Or, if you consult cheese blog superstar Stephanie, she would use it as a variation on this Nigella Lawson recipe! For “cauliflower cheese.” NOM NOM NOM.
Now presenting the recipe in all its British vernacular glory!!!!
1 cauliflower cut into florets
1oz plain flour
6oz COMTE, grated
½ pint milk
6 rashers streaky bacon (back if the fat is a worry)
freshly ground white pepper
Par boil the cauliflower in boiling salted water for about 6-7 minutes. Drain and put in greased, oven proof serving dish.
In a saucepan melt the butter and add the flour. Stir together to make a paste and let it cook for 1-2 minutes.
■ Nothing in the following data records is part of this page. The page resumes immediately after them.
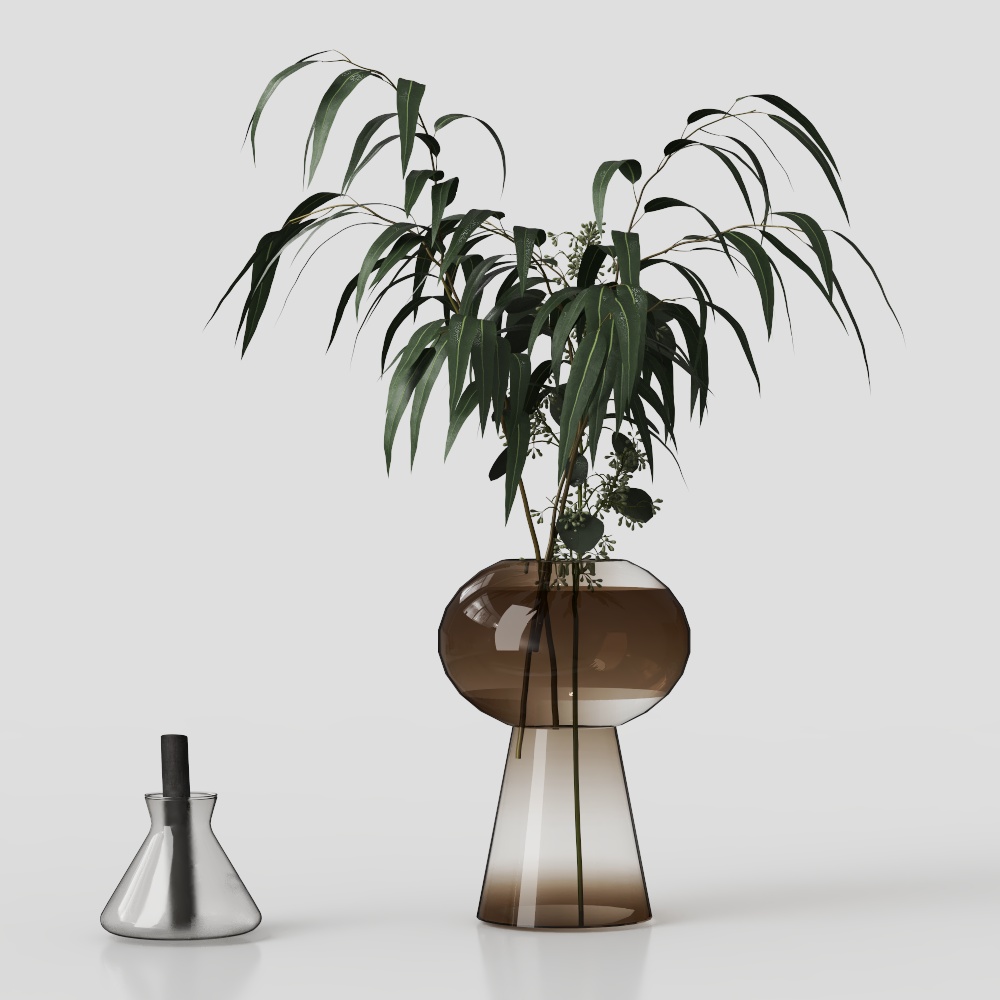 Realistic Low-Poly Glass Vase with Green Plant 3D model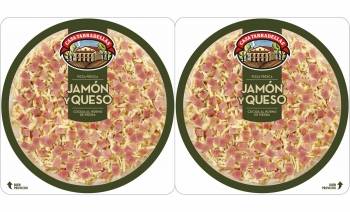 Pizza de jamón y queso Casa Tarradellas pack de 2 unidades de 220 g.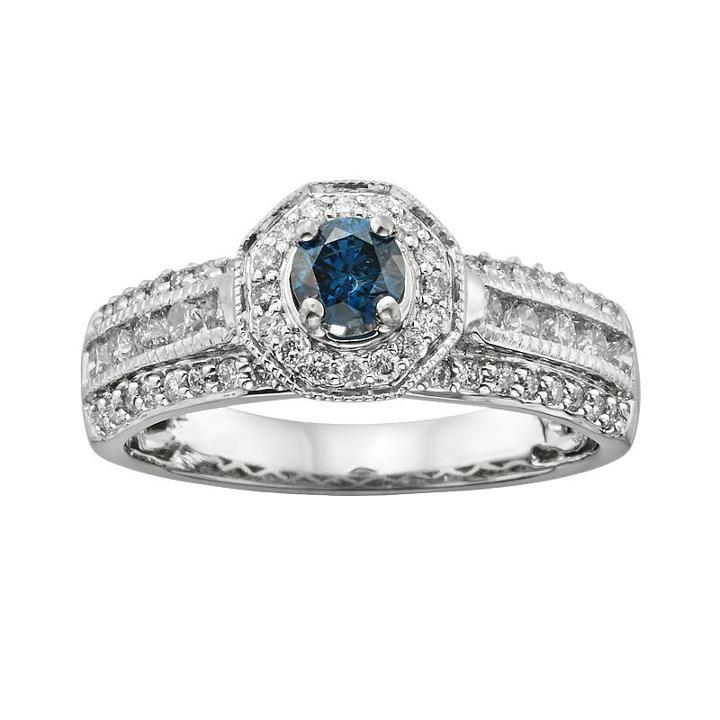 Round-cut Igl Certified Blue And White Diamond Frame Engagement Ring In 14k White Gold (1 Ct. T.w.), Women's, Size: 5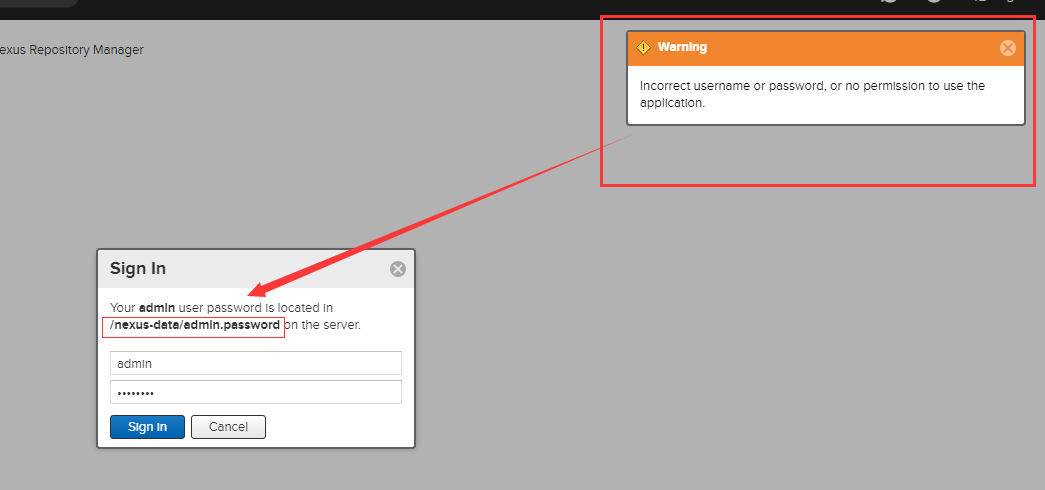 解决： Incorrect username or password, or no permission ( Docker 方式运行 Nexus3 登陆密码不为 admin123 、重置登陆密码)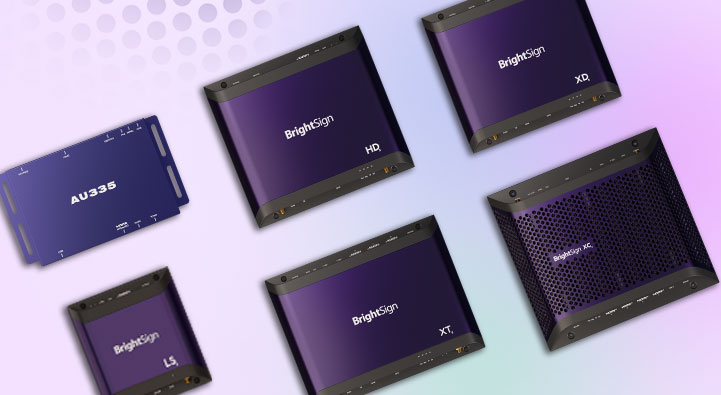 Top down view of Series 5 media players from BrightSign with a light purple and green background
Add the milk a little at a time stirring constantly making sure that it is all combined together until it is to your preferred consistency.
Add the cheese and stir in until melted and unctuous. Remove from the heat. Cut the bacon into ½ strips and dry fry until crispy.
Throw the bacon into the cheese sauce and stir in together with the pepper.
Pour the sauce over the cauliflower and bake in a preheated oven at 180 deg C for about ½ an hour or until bubbling and golden on top.
I would translate, but I think it’s endearing to keep it in its native tongue. Plus I gotta keep y’all on your toes.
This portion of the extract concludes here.